Project: Supporting creative business: Cultural Enterprise Office and its clients (A Creative Economy Knowledge Exchange Project).
Investigators: Professor Philip Schlesinger (PI), Dr Melanie Selfe (Co-I), Dr Ealasaid Munro (PDRA), the University of Glasgow.
What did your research aim to do?
The research aimed to undertake the first major detailed study of a cultural business support intermediary.
How did you do it?
A primary method was team ethnography in Cultural Enterprise Office. This was complemented by extensive access to the organisation’s documentation and a range of interviews with its clients, staff and the mentors used for training.

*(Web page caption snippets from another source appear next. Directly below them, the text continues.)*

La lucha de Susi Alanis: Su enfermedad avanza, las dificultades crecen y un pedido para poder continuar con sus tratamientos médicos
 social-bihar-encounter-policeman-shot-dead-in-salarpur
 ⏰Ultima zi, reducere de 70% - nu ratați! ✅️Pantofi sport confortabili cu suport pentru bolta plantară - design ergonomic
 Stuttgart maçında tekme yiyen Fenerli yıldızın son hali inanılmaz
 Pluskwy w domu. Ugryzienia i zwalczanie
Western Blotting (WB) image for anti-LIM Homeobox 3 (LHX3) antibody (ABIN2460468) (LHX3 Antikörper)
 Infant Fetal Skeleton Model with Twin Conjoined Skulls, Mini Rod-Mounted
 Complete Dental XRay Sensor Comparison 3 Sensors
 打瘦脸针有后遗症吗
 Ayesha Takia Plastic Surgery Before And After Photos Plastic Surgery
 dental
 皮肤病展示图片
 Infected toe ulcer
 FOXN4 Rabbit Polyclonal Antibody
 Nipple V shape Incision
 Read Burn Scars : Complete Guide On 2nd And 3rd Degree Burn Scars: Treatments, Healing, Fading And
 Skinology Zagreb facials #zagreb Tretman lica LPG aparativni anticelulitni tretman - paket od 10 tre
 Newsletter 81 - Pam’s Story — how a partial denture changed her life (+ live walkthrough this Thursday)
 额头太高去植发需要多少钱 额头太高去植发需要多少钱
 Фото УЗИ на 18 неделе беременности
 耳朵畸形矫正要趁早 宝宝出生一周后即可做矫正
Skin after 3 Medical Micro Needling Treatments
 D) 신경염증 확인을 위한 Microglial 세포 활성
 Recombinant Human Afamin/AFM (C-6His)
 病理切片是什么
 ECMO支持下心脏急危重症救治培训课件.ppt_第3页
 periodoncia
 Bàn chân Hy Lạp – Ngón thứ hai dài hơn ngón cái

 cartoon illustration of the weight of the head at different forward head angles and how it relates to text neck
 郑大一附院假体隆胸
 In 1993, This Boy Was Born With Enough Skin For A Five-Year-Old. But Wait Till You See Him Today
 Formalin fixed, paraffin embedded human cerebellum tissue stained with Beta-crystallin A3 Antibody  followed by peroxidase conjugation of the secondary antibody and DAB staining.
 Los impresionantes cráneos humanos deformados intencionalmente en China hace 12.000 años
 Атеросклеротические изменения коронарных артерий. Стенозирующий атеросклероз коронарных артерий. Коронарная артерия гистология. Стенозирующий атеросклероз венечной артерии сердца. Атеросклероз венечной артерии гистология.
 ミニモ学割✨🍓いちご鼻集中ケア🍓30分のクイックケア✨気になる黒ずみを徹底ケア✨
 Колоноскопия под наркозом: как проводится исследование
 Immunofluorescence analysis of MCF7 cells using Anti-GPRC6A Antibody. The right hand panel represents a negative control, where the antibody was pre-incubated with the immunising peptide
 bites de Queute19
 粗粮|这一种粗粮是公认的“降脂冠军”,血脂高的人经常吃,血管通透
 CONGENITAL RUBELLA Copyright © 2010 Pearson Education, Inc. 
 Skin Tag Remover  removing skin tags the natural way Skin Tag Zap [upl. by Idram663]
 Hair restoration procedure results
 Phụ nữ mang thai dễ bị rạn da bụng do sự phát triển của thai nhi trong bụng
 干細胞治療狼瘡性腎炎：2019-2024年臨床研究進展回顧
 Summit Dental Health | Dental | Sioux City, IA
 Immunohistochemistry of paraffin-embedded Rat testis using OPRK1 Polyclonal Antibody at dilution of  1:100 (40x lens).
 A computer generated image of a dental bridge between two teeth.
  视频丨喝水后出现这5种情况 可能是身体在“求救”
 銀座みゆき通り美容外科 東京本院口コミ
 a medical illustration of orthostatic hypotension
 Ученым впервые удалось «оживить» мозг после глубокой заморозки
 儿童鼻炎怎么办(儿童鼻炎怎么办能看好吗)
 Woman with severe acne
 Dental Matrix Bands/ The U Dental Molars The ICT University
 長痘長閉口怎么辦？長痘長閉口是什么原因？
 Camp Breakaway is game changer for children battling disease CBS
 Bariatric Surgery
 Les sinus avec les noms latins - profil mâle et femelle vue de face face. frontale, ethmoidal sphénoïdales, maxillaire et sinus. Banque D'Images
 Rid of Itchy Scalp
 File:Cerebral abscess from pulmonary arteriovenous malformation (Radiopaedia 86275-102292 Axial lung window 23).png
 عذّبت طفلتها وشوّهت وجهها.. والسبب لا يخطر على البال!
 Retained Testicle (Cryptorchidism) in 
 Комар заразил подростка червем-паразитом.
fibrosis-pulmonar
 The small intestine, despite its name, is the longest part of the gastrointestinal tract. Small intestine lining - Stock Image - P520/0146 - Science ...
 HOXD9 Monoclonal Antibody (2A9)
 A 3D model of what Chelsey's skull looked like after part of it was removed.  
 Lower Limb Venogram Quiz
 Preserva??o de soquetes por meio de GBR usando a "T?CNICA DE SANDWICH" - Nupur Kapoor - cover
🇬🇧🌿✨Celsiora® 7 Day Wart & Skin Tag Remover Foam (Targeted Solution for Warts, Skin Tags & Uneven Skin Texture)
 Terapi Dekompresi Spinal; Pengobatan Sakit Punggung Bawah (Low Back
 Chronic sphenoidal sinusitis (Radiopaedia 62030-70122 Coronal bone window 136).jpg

What are your key findings?
We have shown how bodies of this kind are shaped by the wider institutional landscape and their own continual adaptation to the changing fashions of ideas about the creative economy and the models of how to intervene in the various sectors that compose it. One little-acknowledged fact is that those working in precarious occupations are often serviced by those working in a precarious organisation. We think that stability of funding should be addressed.
What impact has your work had so far/what impact do you anticipate it will have?
We have fed our findings back to the staff – actually, we did so regularly, given our pursuit of knowledge exchange. We know that the research modified practice as the work was being conducted and we shared our results. We have published a book, Curators of Cultural Enterprise (Palgrave Macmillan, 2015). We have also published reflections on team ethnography: ‘Inside a cultural agency’, Journal of Arts Management, Law and Society 45 (2015) 1-18. We have also run a workshop with policy makers and cognate bodies from across the UK, Denmark, Norway and USA to compare experiences. We have spoken at the Creative Economy Showcase run by the AHRC in London in March 2014 as well as many other events both in the UK and internationally.
Challenges encountered/Lessons learned
A key issue is the sheer effort of undertaking knowledge exchange, and the extra time involved because of its complexity. This had to be balanced with pursuing sociological research at the same time. There is a lesson for researchers: you need to budget for this and organise appropriately. There is also a lesson for Research Councils: you need to provide a budget and not ask for knowledge exchange on the cheap. One big benefit – if it all works out – is a deep connection and exchange with those studied. This greatly enhances the outcome but is hard to manage.
Are there additional/new research questions still to be answered in this area?
Yes. We still know very little of how such intervention impacts on those for whom it is provided – or whether it does. And we do not yet possess sophisticated ways of tracking how creatives might be affected by expert advice..
How has your association with CREATe helped to take things forward?
CREATe gave this associated project a platform to present its findings to other researchers in the network. And it also became one of the projects that represented CREATe at the Creative Economy Showcase, which meant that it reached beyond an academic audience.
More information can be found in the book ‘Curators of Cultural Enterprise‘(Palgrave Macmillan, 2015) and in the articles ‘Curators of Cultural Enterprise: A Critical Analysis of a Creative Business Intermediary’ and ‘Inside a cultural agency: team ethnography and knowledge exchange‘.